Section 2 of the Law of Property (Miscellaneous Provisions) Act 1989 provides that contracts for the sale of land must: (i) be made in writing; (ii) incorporate in one document all the terms that the parties have expressly agreed or, where contracts are exchanged, in each; and (iii) be signed by or on behalf of each party.
The provisions were enacted to prevent parties from inadvertently creating contractual commitments. However, they also created new problems for the courts to solve because, if an agreed term has been omitted from a contract, the agreement will be void. The courts have addressed this in different ways.
Tootal Clothing Ltd v Guinea Properties Management Ltd [1992] 41 EG 117 suggested that section 2 applies to uncompleted contracts for the sale of land. Therefore, once a land contract has been performed, either party will be entitled to enforce any separate or supplemental agreement without reference to section 2. Grossman v Hooper [2001] EWCA Civ 615 cast doubt on that particular aspect of the decision. However, the court felt able to uphold the supplemental agreement in that case because the land agreement and the supplemental agreement were completely independent of each other and the supplemental agreement was not a contract for the disposal of an interest in land.

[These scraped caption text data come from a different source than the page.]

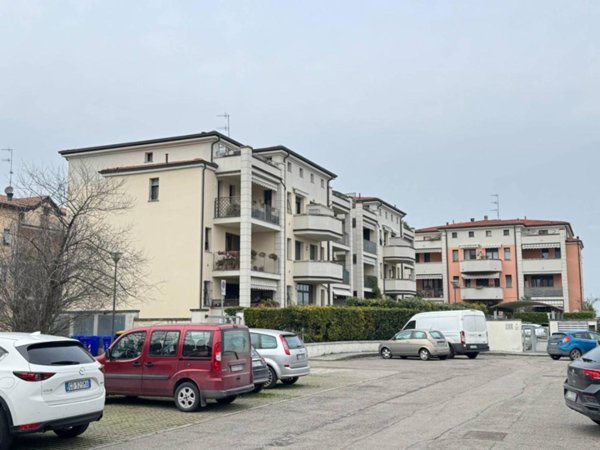 appartamento in vendita a Parma in zona Baganzola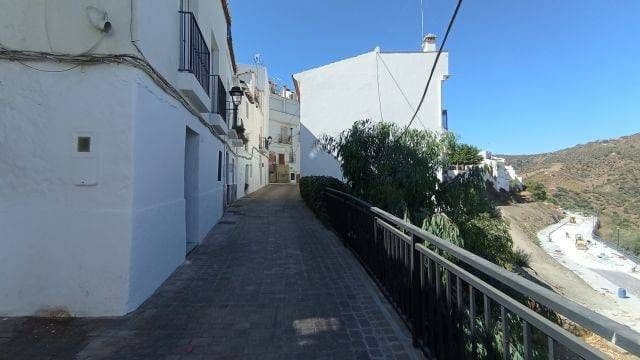 2 bedroom Apartment for sale in Sayalonga - € 22,000 (Ref: 9485509)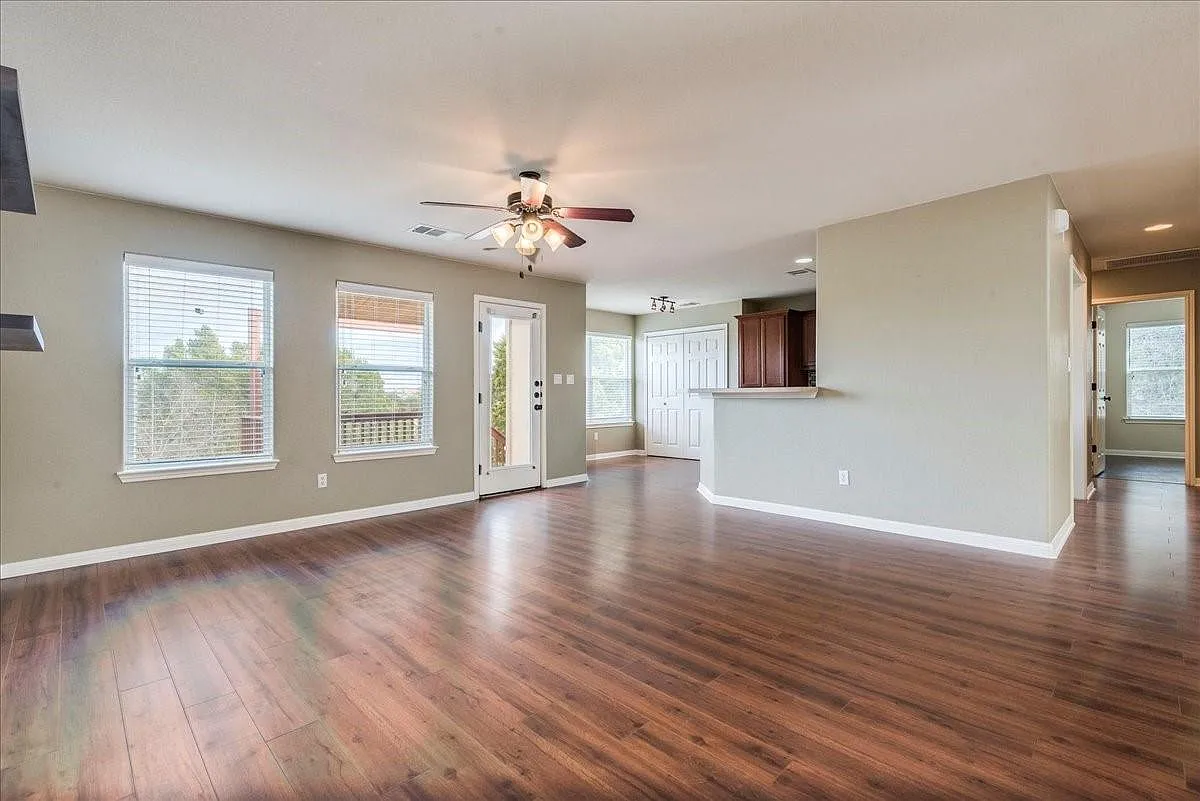 3 bed, 2.0 bath, 1389 sqft, $1,900 — Photo 4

The Court of Appeal took a similar approach in North Eastern Properties Ltd v Coleman [2010] EWCA Civ 277. It ruled that parties can enter into contracts that are truly independent of each other. However, this does not enable parties to a composite transaction to separate out expressly agreed terms where performance of the land contract is conditional on the performance of the separately documented terms.

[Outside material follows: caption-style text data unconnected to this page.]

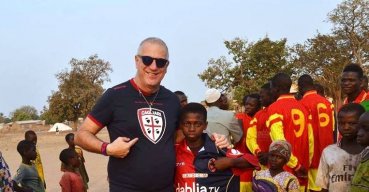 Dott. Trombetta, il medico che regala palloni ai bambini africani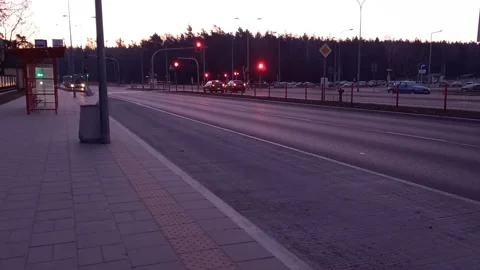 The bus pulls up to the stop Stock-Footage 172011182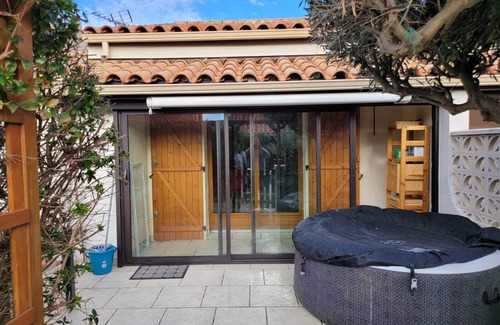 Le Barcares House | Villa 6p private spa sea air conditioning + nautical equipment (kayak and paddle)+velos
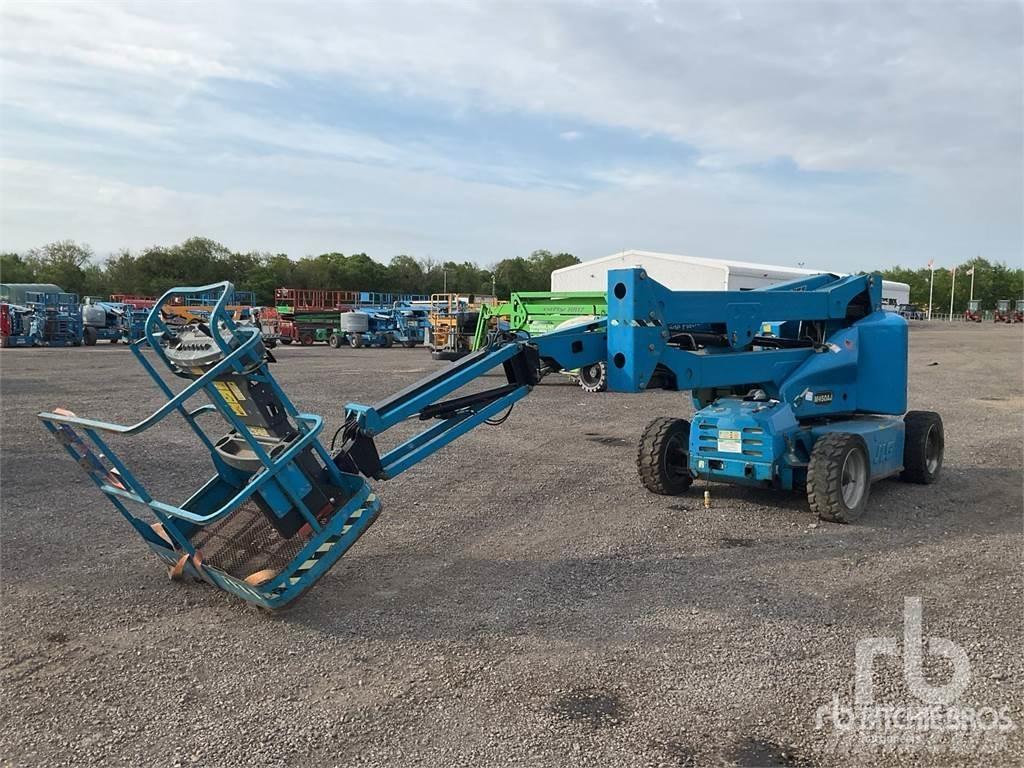 JLG M450AJ Iseliikuvad poomtõstukid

Keay v Morris Homes (West Midlands) Ltd [2012] EWCA Civ 900 adds fuel to the fire. The claimants sought damages for breach of an oral agreement for the speedy construction of a medical centre. The Court of Appeal ruled that it did not have sufficient evidence to decide whether the contract for the sale of the land and the oral agreement were, in fact, interdependent, or truly separate from each other, but made the following comments to assist the judge with responsibility for the trial.
The court rejected the suggestion that Tootal was authority for the principle that completion of a land contract that fails to comply with section 2 breathes life into any void, non-land terms. A void contract cannot mutate into a contract that is valid.
The legislation does not prevent the parties from completing a contract that fails to comply with section 2, if they choose to do so; the issue of whether the previous agreement was “section 2 compliant” will then be irrelevant. However, neither party will be able to sue the other for specific performance – or for breach of – an uncompleted agreement because their contract is void.
The decision underlines the merciless effect of section 2. Agreements for the sale of land must record all the agreed terms, failing which the entire agreement will be void. Similar rules apply to agreements to vary land contracts. The omission of an agreed term will nullify the variation agreement. Consequently, the original contractual provisions will stand.